* _TASK ITEM_:
Only the lines from the top of the data through the line with "via-appia:Vase in the" should be repeated, each exactly as written.

>>>

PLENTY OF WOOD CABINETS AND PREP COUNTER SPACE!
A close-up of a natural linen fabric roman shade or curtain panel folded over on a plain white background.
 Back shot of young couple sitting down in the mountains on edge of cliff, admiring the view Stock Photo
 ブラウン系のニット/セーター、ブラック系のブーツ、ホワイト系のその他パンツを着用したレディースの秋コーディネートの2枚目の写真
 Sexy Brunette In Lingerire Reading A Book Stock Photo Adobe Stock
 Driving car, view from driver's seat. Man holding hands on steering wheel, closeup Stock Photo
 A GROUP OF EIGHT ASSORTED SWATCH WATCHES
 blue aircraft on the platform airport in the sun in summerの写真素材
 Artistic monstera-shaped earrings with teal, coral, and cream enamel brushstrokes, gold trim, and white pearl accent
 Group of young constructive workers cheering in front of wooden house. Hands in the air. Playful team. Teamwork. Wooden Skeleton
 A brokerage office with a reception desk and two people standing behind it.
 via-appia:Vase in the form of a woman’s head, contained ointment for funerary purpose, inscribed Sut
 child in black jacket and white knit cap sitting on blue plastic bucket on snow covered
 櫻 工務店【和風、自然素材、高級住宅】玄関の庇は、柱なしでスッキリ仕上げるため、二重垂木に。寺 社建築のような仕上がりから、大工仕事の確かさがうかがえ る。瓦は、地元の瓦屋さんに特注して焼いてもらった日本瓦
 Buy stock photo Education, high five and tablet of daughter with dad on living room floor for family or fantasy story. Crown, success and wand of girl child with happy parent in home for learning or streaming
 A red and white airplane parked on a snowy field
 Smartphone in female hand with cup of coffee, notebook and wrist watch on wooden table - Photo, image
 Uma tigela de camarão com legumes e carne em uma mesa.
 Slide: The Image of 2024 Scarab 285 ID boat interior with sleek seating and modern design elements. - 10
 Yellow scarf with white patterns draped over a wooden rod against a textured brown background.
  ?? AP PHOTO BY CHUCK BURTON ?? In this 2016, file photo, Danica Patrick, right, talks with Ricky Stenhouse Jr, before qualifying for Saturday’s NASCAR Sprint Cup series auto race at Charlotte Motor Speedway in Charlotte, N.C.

<<<

* _EXERCISE ANSWER_:
PLENTY OF WOOD CABINETS AND PREP COUNTER SPACE!
A close-up of a natural linen fabric roman shade or curtain panel folded over on a plain white background.
 Back shot of young couple sitting down in the mountains on edge of cliff, admiring the view Stock Photo
 ブラウン系のニット/セーター、ブラック系のブーツ、ホワイト系のその他パンツを着用したレディースの秋コーディネートの2枚目の写真
 Sexy Brunette In Lingerire Reading A Book Stock Photo Adobe Stock
 Driving car, view from driver's seat. Man holding hands on steering wheel, closeup Stock Photo
 A GROUP OF EIGHT ASSORTED SWATCH WATCHES
 blue aircraft on the platform airport in the sun in summerの写真素材
 Artistic monstera-shaped earrings with teal, coral, and cream enamel brushstrokes, gold trim, and white pearl accent
 Group of young constructive workers cheering in front of wooden house. Hands in the air. Playful team. Teamwork. Wooden Skeleton
 A brokerage office with a reception desk and two people standing behind it.
 via-appia:Vase in the form of a woman’s head, contained ointment for funerary purpose, inscribed Sut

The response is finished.